Tonight, we open the first UK revival of Robert Chesley's play Jerker. Bringing a play back to the stage for the first time in 29 years is a hugely exciting prospect. It's a chance to re-evaluate a play, to investigate its history and what it can say to us now. Understanding its context and exploring it in the rehearsal room has given us clarity of purpose, as we create a show for today's audience.
As soon as I read Jerker, I knew that I needed to direct it. Set in San Francisco, in 1985, it follows the relationship that develops between two men: JR and Bert. The play's unapologetic depiction of the two men's sexuality - and how they explore it with each other - is erotic, moving and, ultimately, heartbreaking. It's a play that I finished and then had to double-check, because surely someone else had revived it before.
Robert Chesley was a composer, critic and playwright. An earlier play, Night Sweat, was the first produced full-length play to deal with the AIDS crisis before other, now better-known, plays such as William Hoffman's As Is or the Larry Kramer's The Normal Heart. Chesley would often find himself in correspondence with Larry Kramer, over the letter pages in the New York Native, arguing how to respond to the AIDS crisis. Jerker, then, is a dramatic response to these dramas.
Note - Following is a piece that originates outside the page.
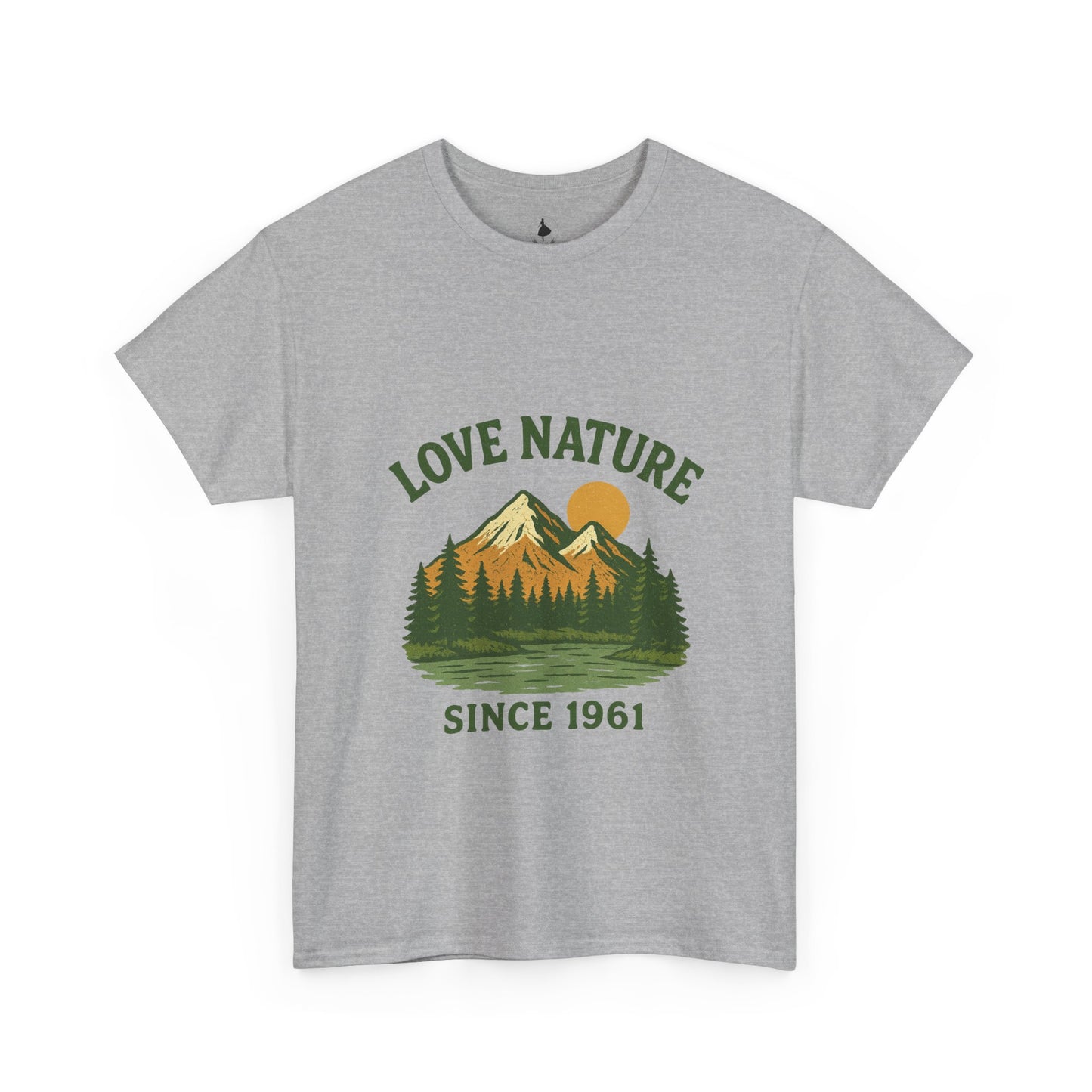 Nature Lover Tee | Unisex Heavy Cotton T-Shirt | Outdoor Enthusiast Gift, Eco-Friendly Apparel, Camping Shirt, Nature Vibes, [...]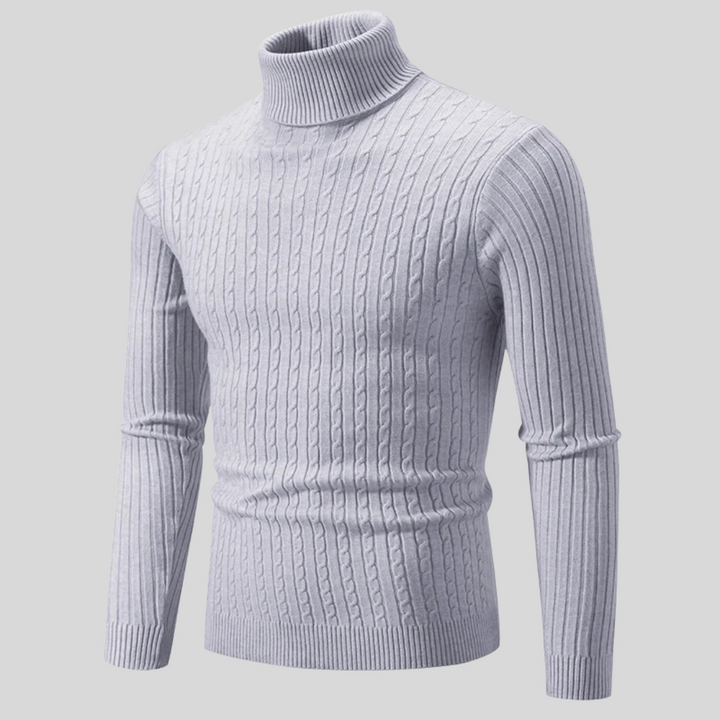 Delano™ | The Turtleneck of Quiet Strength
Chesley is not interested in holding his cards close to his chest. The full title of the play is Jerker, or The Helping Hand: A Pornographic Elegy with Redeeming Social Value and a Hymn to the Queer Men of San Francisco in Twenty Telephone Calls, Many of Them Dirty. It's an elegy to those who have died - but it celebrates their lives as they lived them. As Bert says in the play, "it was living and it was loving".
There's no getting away from Chesley's vision of this in the title: "pornographic". The word is a challenge to us as a cast and creative team. The explicit nature of the piece is tied up in its meaning. Anti-eroticism was one of the charges Chesley lay at Kramer's feet, and so there can be no skirting around the explicit nature of the play.
This frank portrayal caused the play problems. Extracts were broadcast by KPFK, a radio station in Los Angeles, on Labor Day, 1986. The FCC attempted to criminally charge the station for doing so, and changed their guidelines regarding sexual content. The end result was a censorship of sexual material on the radio, which included vital information. Information that, at the height of the AIDS crisis, would have saved lives.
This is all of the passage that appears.